Similarly, our issued patents and those of our licensors may not provide us with any competitive advantages. Competitors may be able to design around our patents or develop products which provide outcomes comparable or superior to ours. Our patents may be held invalid or unenforceable as a result of legal challenges by third parties, and others may challenge the inventorship or ownership of our patents and pending patent applications. In addition, the laws of some foreign countries, such as China where the JV operates, may not protect our intellectual property rights to the same extent as do the laws of the United States and, even if they do, uneven enforcement and procedural barriers may exist in such countries. In the event a competitor or other third party infringes upon our patent or other intellectual property rights or otherwise misappropriates such rights, enforcing those rights may be difficult and time consuming.

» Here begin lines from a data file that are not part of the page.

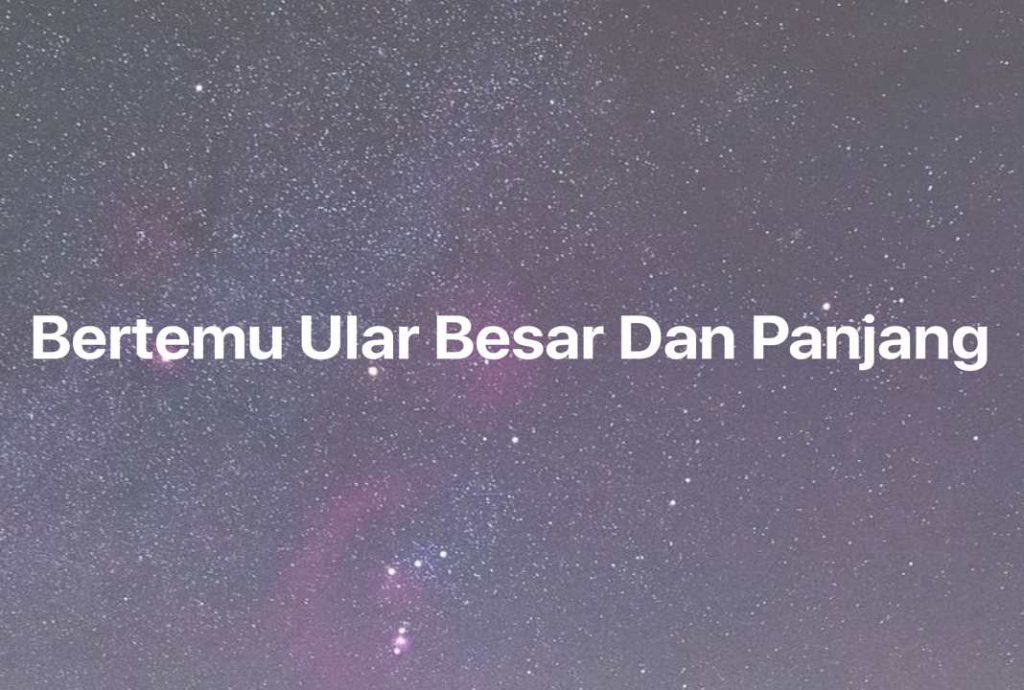 Gambar Mimpi Bertemu Ular Besar Dan Panjang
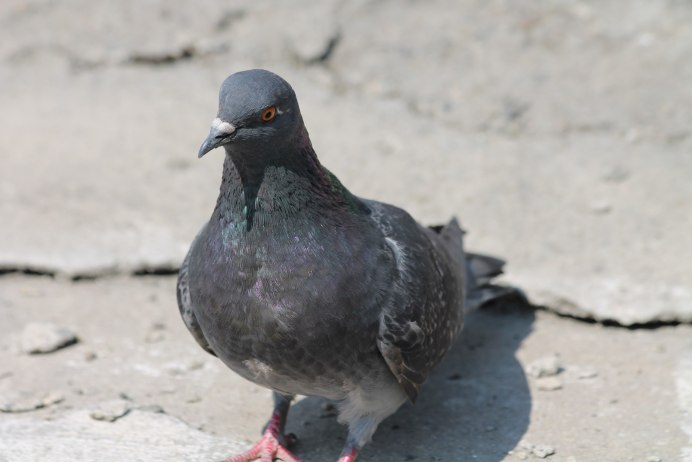 Белая птица на дереве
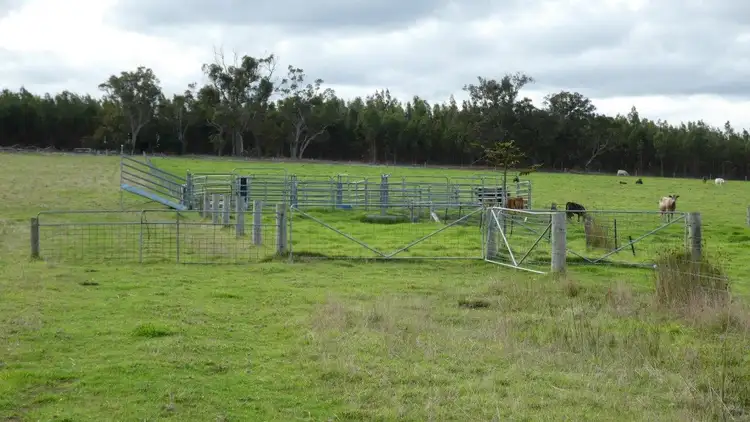 Fifth view of Homely land listing, 494 SPENCER Road, Narrikup WA 6326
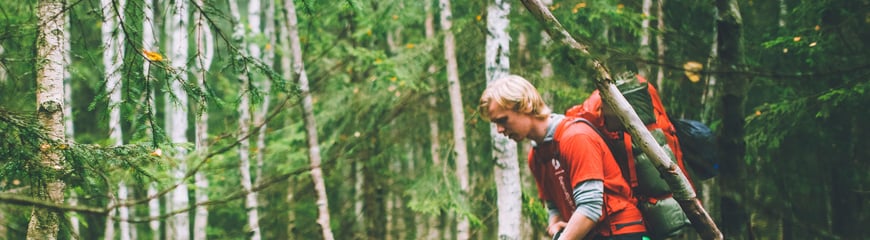 Høstferie gjennom tåken i Oslomarka i 2018. 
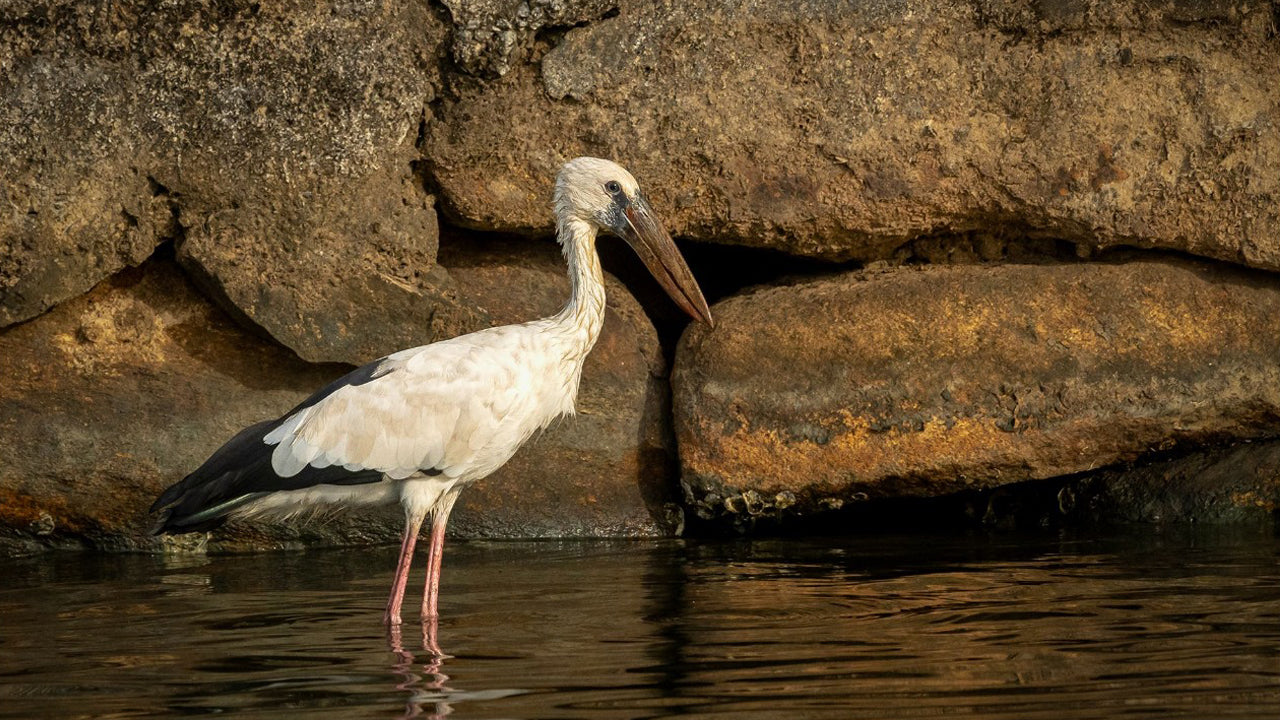 Koggala Lake Boat Safari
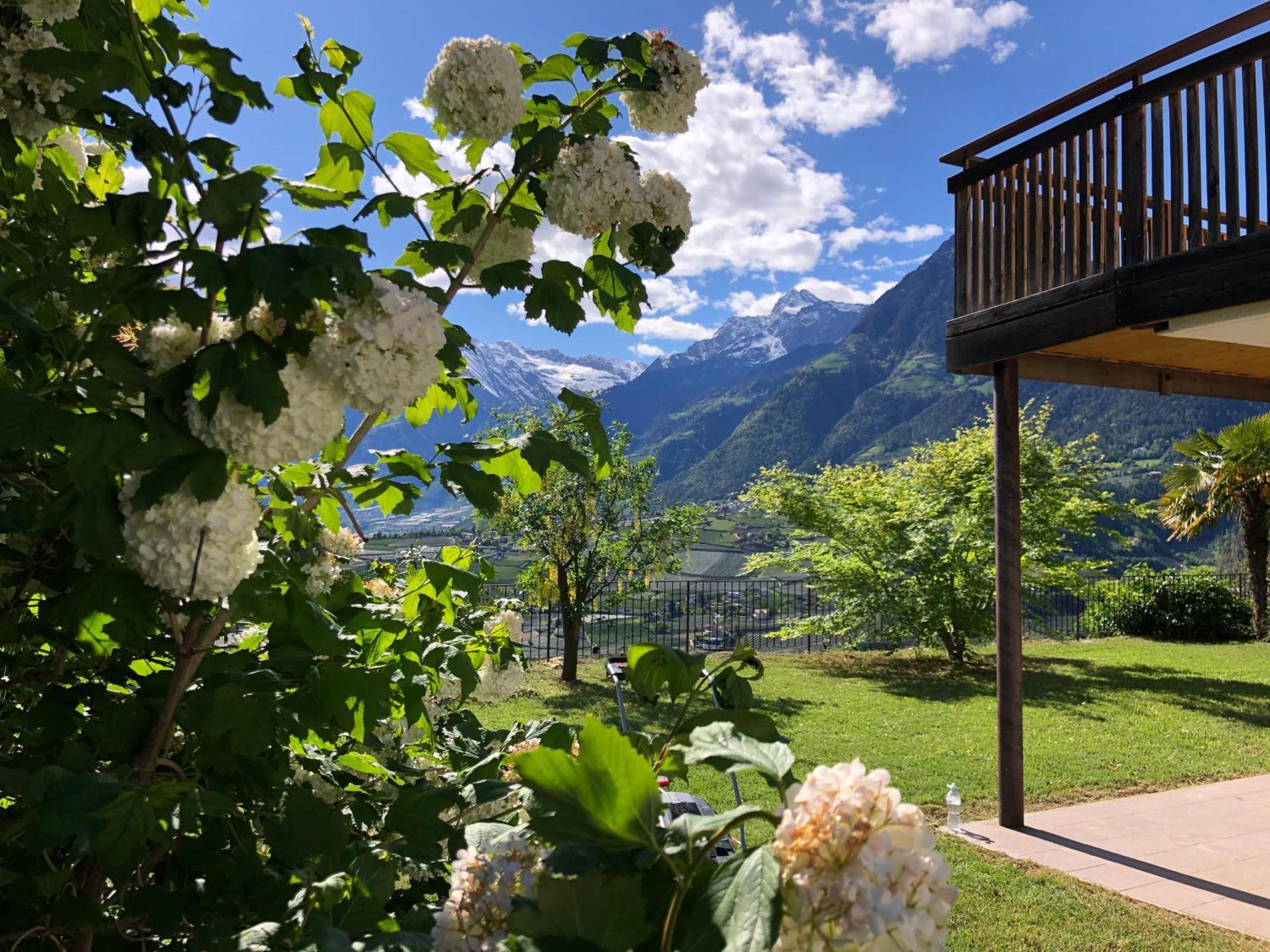 Der Blaue Reiter Aparthotel Schenna Buitenkant foto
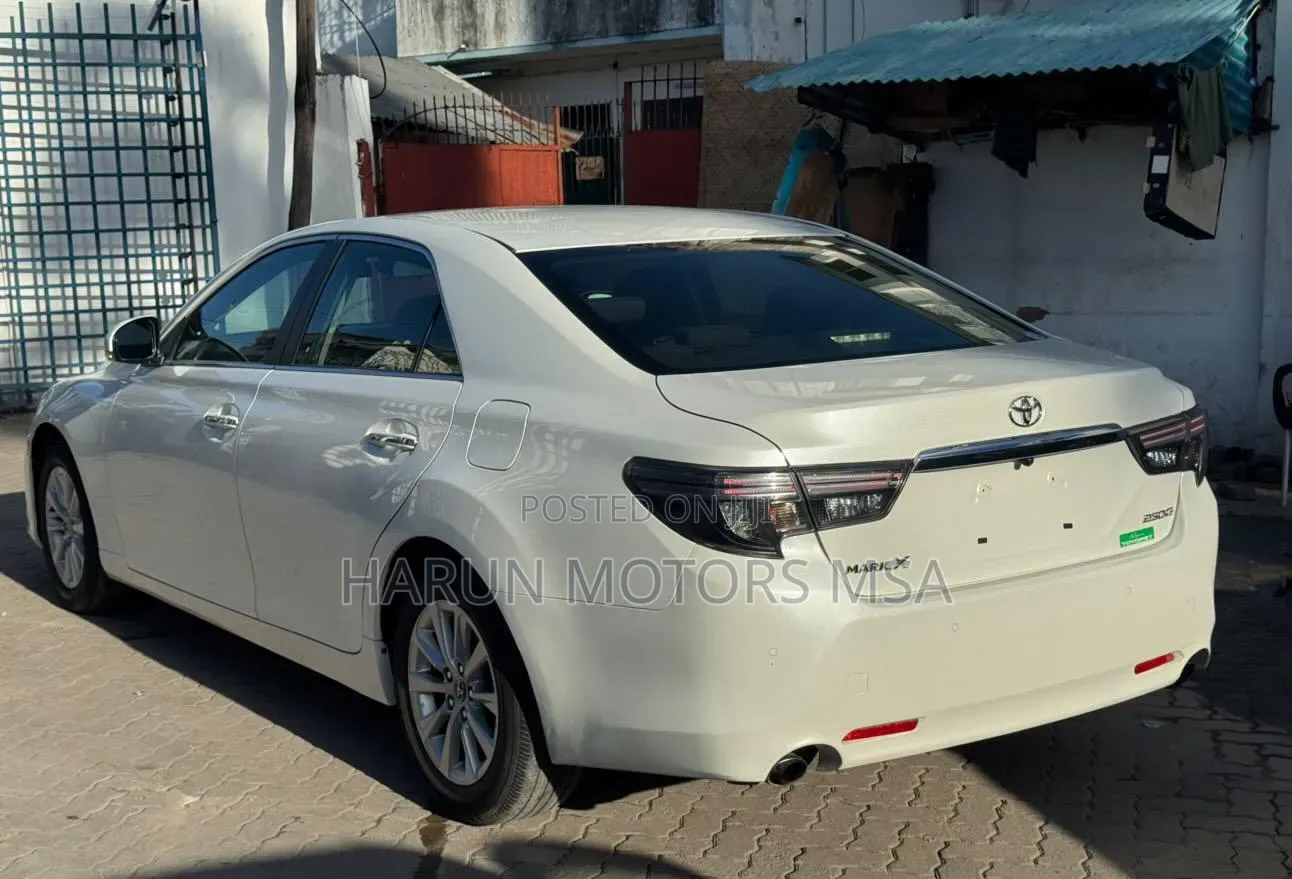 Toyota Mark X 2019 White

Even if successful, litigation to enforce our intellectual property rights or to defend our patents against challenge could be expensive and time consuming and could divert our management’s attention from our core business. Damage awards resulting from successful litigation in foreign jurisdictions may not be in amounts commensurate with damage awards in the U.S. We may not have sufficient resources to enforce our intellectual property rights or to defend our patents against a challenge. In addition, we may not prevail in any lawsuits that we initiate, and the damages or other remedies awarded, if any, may not be commercially valuable. Litigation also puts our patents at risk of being invalidated or interpreted narrowly and our patent applications at risk of not issuing. Additionally, we may provoke third parties to assert claims against us.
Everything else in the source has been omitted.